Work order: Reproduce verbatim, line by line, everything from the line containing "Trabajo para niñera en Machalí: Leandro" to the last line of the listing below; add nothing.

Given records:
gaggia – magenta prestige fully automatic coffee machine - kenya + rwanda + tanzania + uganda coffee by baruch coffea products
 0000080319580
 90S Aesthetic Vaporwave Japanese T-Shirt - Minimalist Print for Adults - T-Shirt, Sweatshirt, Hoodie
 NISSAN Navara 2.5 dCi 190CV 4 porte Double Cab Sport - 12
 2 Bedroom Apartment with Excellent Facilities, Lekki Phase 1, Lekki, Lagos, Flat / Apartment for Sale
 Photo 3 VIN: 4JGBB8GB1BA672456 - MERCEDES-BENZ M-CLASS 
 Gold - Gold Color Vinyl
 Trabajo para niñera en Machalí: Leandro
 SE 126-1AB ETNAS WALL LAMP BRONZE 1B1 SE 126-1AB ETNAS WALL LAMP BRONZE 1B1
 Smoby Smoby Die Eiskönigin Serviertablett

Solved exercise:
 Trabajo para niñera en Machalí: Leandro
 SE 126-1AB ETNAS WALL LAMP BRONZE 1B1 SE 126-1AB ETNAS WALL LAMP BRONZE 1B1
 Smoby Smoby Die Eiskönigin Serviertablett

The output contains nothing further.